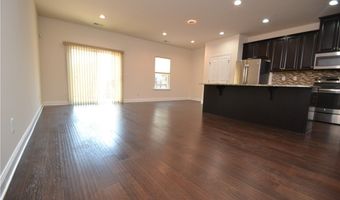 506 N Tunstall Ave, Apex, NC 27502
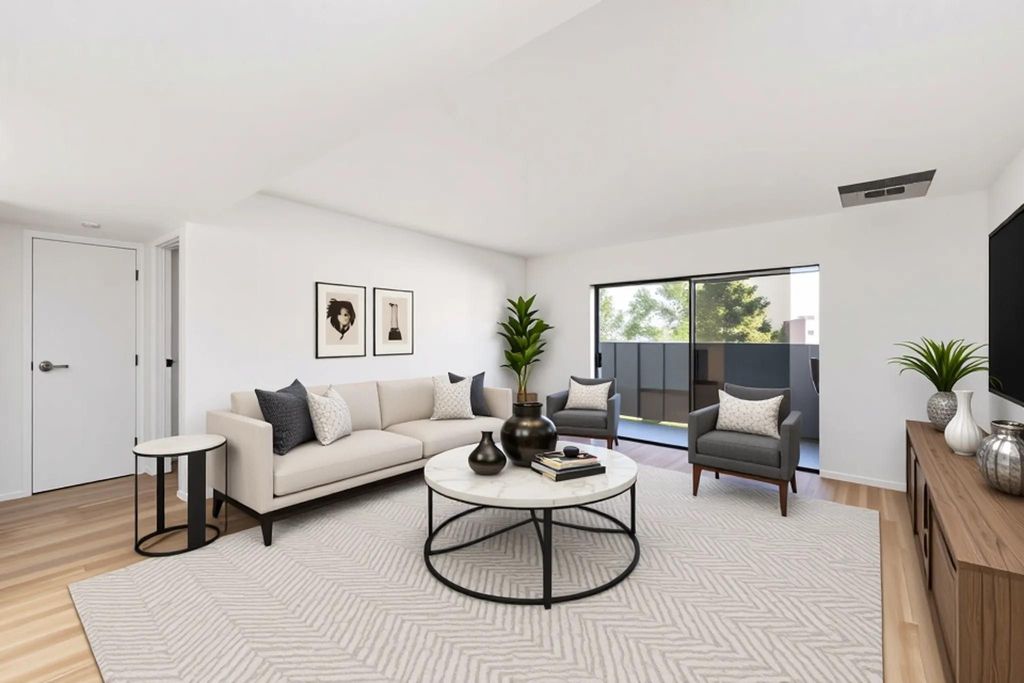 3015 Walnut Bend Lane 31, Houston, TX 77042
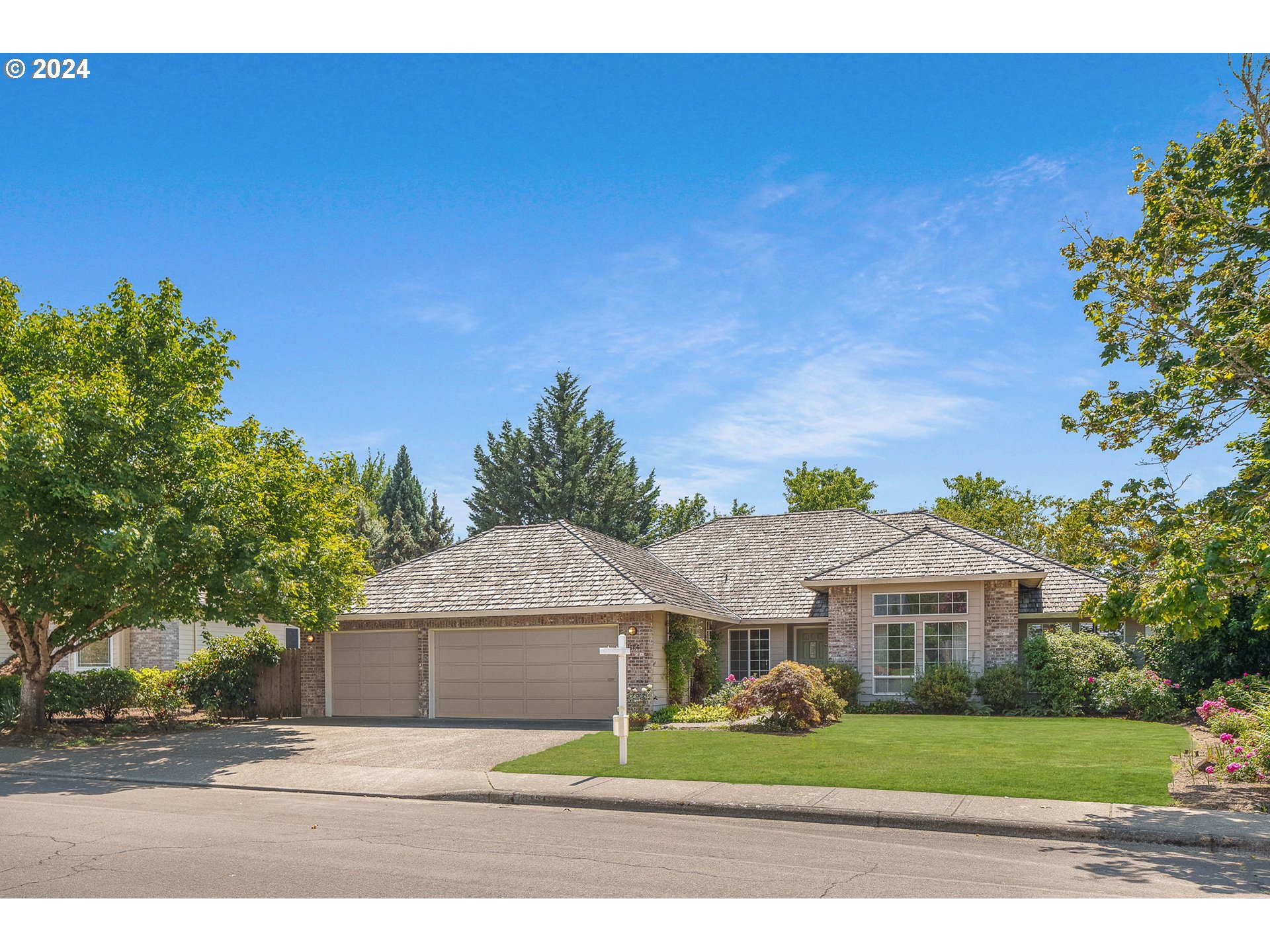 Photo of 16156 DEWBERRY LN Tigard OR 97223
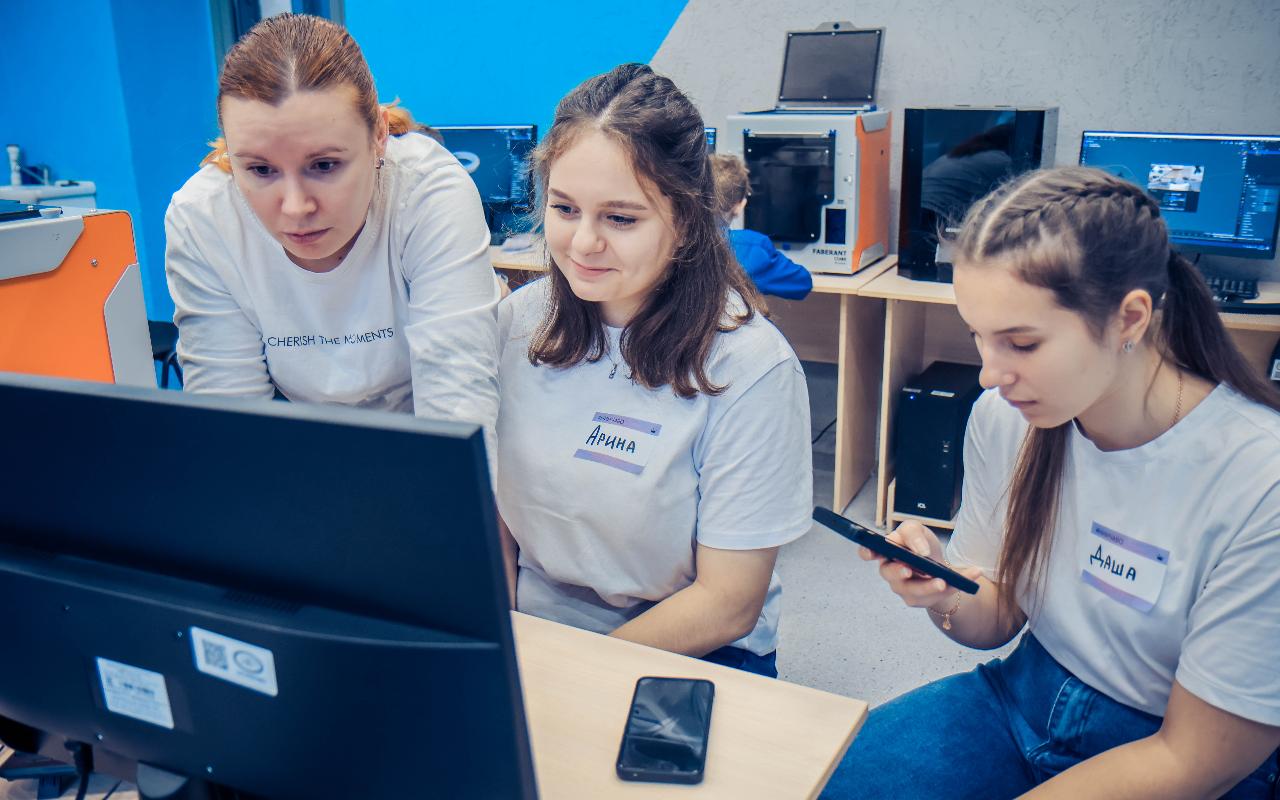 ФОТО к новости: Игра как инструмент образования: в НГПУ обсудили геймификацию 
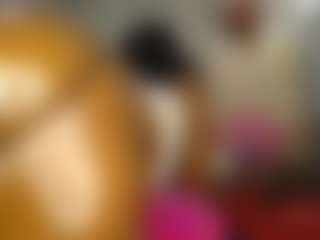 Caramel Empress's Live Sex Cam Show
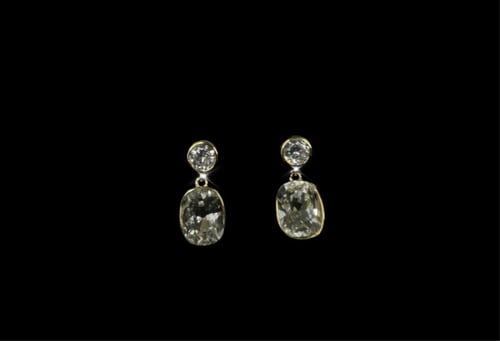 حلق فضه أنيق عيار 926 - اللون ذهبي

########################################

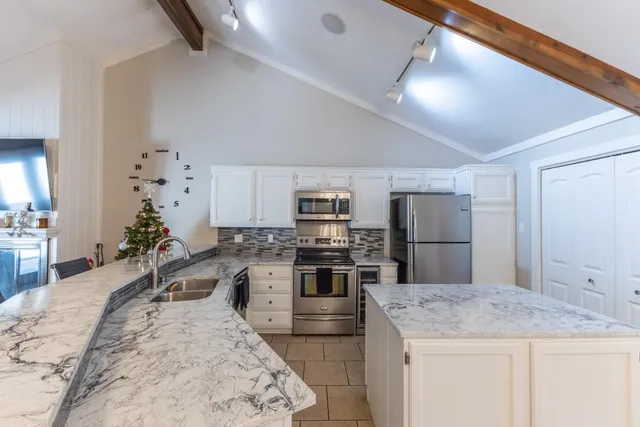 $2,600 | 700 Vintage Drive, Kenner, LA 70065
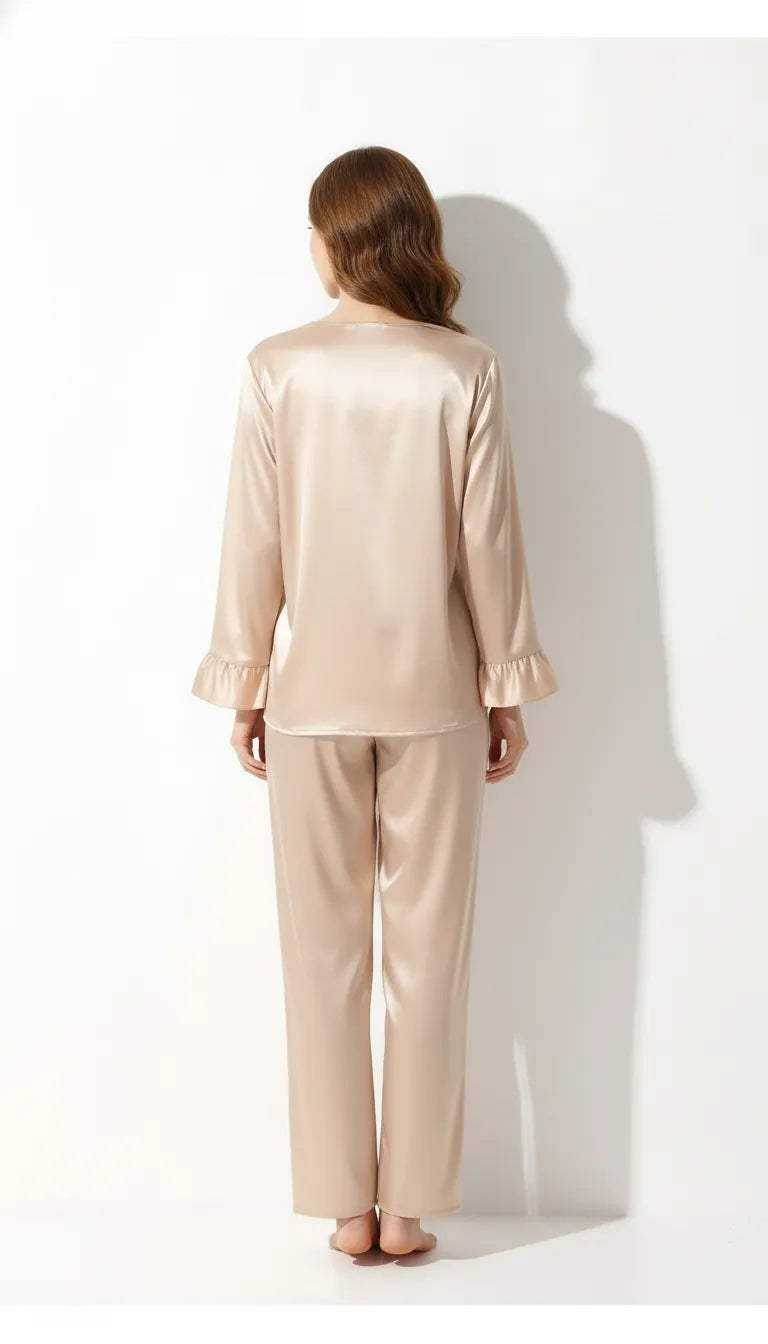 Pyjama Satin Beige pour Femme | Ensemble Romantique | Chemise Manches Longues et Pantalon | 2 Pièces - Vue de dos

########################################

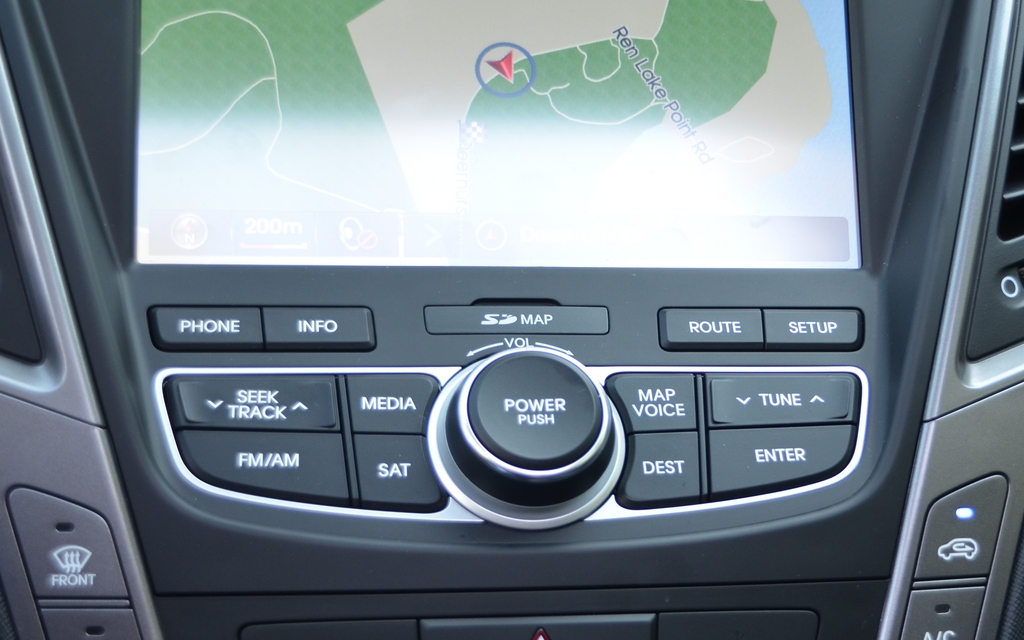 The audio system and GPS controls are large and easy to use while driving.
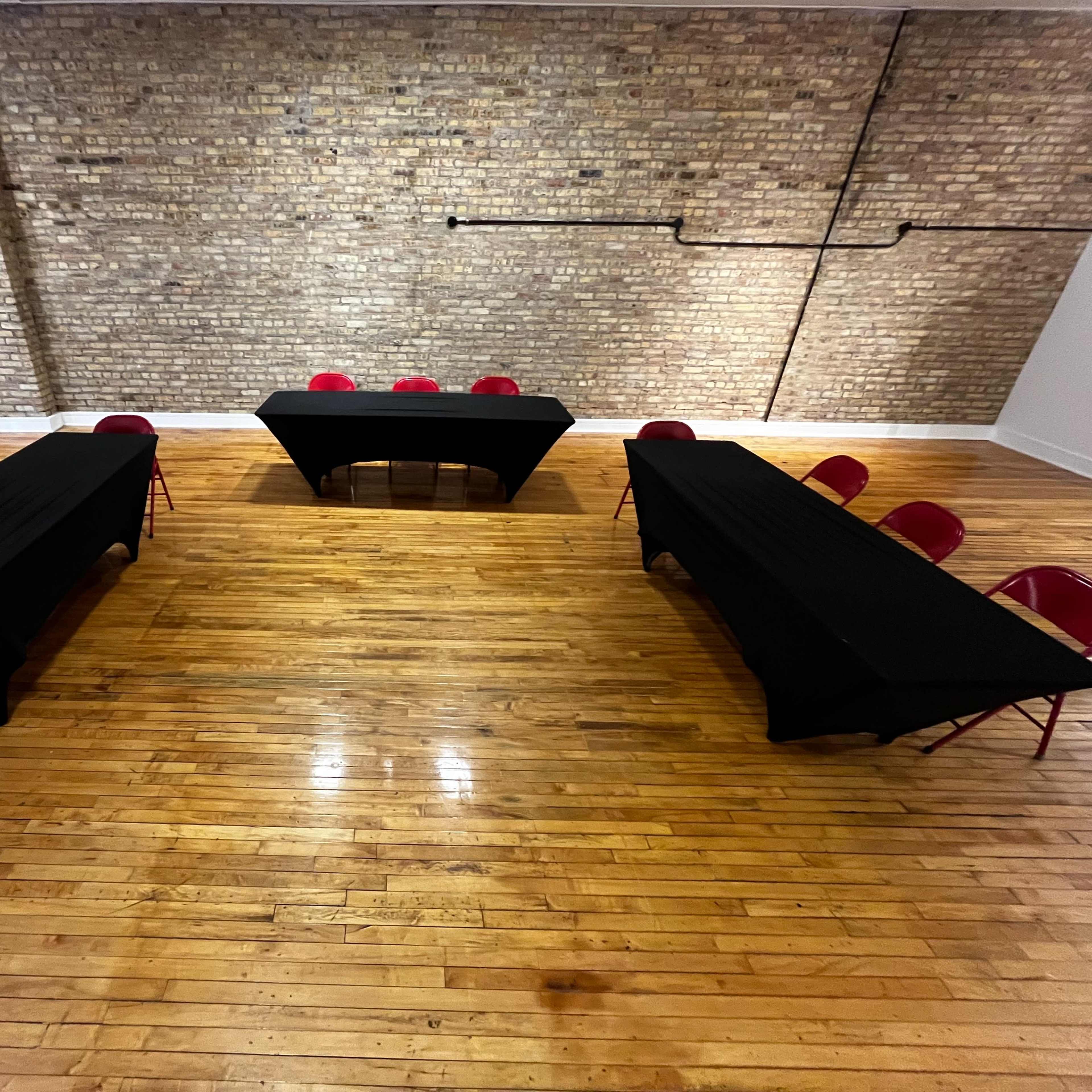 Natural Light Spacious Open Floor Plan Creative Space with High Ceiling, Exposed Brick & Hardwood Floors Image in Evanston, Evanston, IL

########################################

Exercise details: Using the data above, retype exactly the lines from the line with "ФОТО к новости: Игра" to the line with "حلق فضه أنيق عيار 926 - اللون ذهبي", inclusive. No pictures and nothing else.

Response for this exercise:
 ФОТО к новости: Игра как инструмент образования: в НГПУ обсудили геймификацию 
 Caramel Empress's Live Sex Cam Show
 حلق فضه أنيق عيار 926 - اللون ذهبي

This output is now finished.